Bebé retirado do colo da mãe e afogado por 5 encapuzados

Polícia Judiciária investiga se crime foi retaliação ou um assalto violento

Tiago, de dois anos, foi arrancado do colo do mãe por um grupo de cinco jovens e atirado para uma ribeira. Tudo aconteceu na segunda-feira à noite, na ponte sobre a ribeira da Laje, em Rio de Mouro. Sandra, de 27 anos, ainda tentou resgatar o seu filho das águas geladas enquanto o grupo fugia. Em vão. "Ai, o meu bebé que o mataram gritava a mãe", enquanto eram feitas as infrutíferas manobras de reanimação.

Luís David (nome fictício), um idoso que mora nas imediações da ribeira, presenciou o crime. "Estava a passear os cães e quando olhei vi dois matulões a tirarem o bebé do colo da mãe. Depois chegaram outros três que os ajudaram e atiraram a criança para a ribeira. Ali para perto daquela rocha", diz a testemunha em cima da ponte onde tudo aconteceu.

Segundo a testemunha, o móbil do crime terá sido uma vingança contra o pai de Tiago, de origem cabo-verdiana. "Isto é para o avisares", terão dito os assassinos a Sandra enquanto lhe afogavam o filho na água perto do açude da ribeira da Laje.

O aviso, segundo o DN apurou, seria para o pai de Tiago, que se encontra separado de Sandra há dois anos. Neste panorama, e ainda segundo outra testemunha que também pediu o anonimato, o pai de Tiago teria problemas com um gangue de um bairro degradado da zona de Lisboa.

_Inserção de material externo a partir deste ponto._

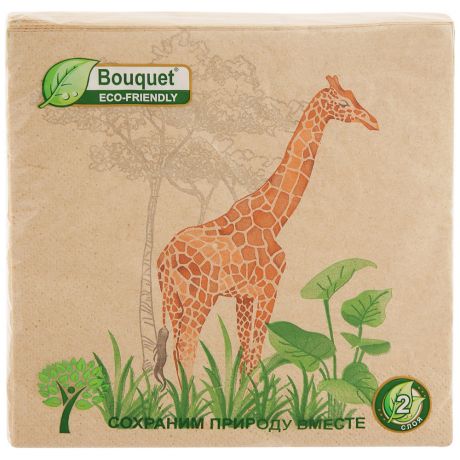 Салфетки бумажные Bouquet eco-friendly Жираф 2-слойные 33х33 см 25 штук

Segundo fonte da PSP, o crime também terá tido um outro móbil: o roubo. Sandra, que trabalha num restaurante do McDonald's, levava 130 euros no bolso, que desapareceram.

Os bombeiros de Agualva-Cacém receberam o pedido de socorro pelas 22.45. "Chegámos ao local cinco minutos depois e a criança já estava no colo da mãe. Foram iniciadas manobras de reanimação cardiorrespiratórias já que a criança estava sem pulso e não ventilava", disse ao DN Joaquim Leonardo, comandante dos bombeiros de Agualva-Cacém. Apesar dos esforços, o menor não resistiu e morreu.

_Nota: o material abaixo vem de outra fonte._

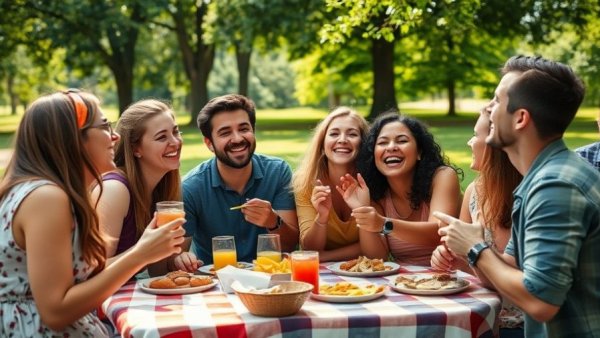 Reconnect with childhood friends at a joyful picnic in the park.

Sandra, segundo uma vizinha, tinha deixado Tiago durante o dia em casa da avó, Filomena. A mãe da criança mora do outro lado da ponte perto da estação de Rio de Mouro e era para lá que se dirigia quando foi abordada pelo cinco jovens que, segundo fonte da PSP, terão agido encapuzados.

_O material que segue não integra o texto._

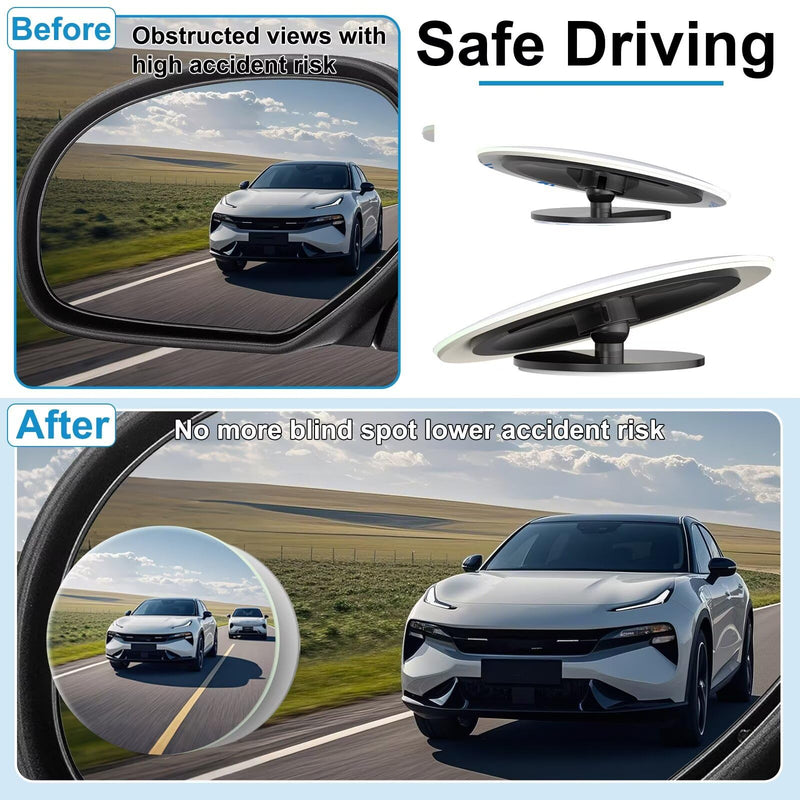 Blind Spot Mirrors 2 Pack, Frameless Side Mirror Blindspot Convex HD Glass Car Accessories, Side View Mirror Blindspot with Wide Angle Adjustable Stick for Car SUV and Trucks Round-2pcs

Luís David assistiu à fuga dos cinco homens. "Ele passaram aqui pela minha casa a correr. Pareceu-me que iam para a Estação de Rio de Mouro". Enquanto os agressores fugiam, Sandra saltou para a ribeira e resgatou o filho. Subiu com Tiago inanimado nos braços um pequeno carreiro com cerca de cinco metros e ficou com a criança no colo. Telefonou para o telemóvel do irmão que mora a cerca de 300 metros.

Este e a mãe, Filomena, correram para o local. Uma vizinha que chegou primeiro que os bombeiros à ponte tentou tomar o pulso à criança. "Disse logo que a criança estava sem pulso", conta a testemunha. Quando os bombeiros e o INEM chegaram colocaram a criança numa ambulância.

"Ai, o meu bebé que o mataram gritava a mãe." Luís David recorda os gritos e interroga-se: "Como é possível conseguirem matar uma criança desta maneira?"

Os investigadores da Brigada de Homicídios tentavam ontem reunir provas para identificar os suspeitos de homicídio. A mãe da criança foi ouvida. O corpo do menor seguiu para o Instituto de Medicina Legal onde ontem foi feita a autópsia. Também ontem estiveram no local elementos do Laboratório de Polícia Científica a recolher vestígios do crime.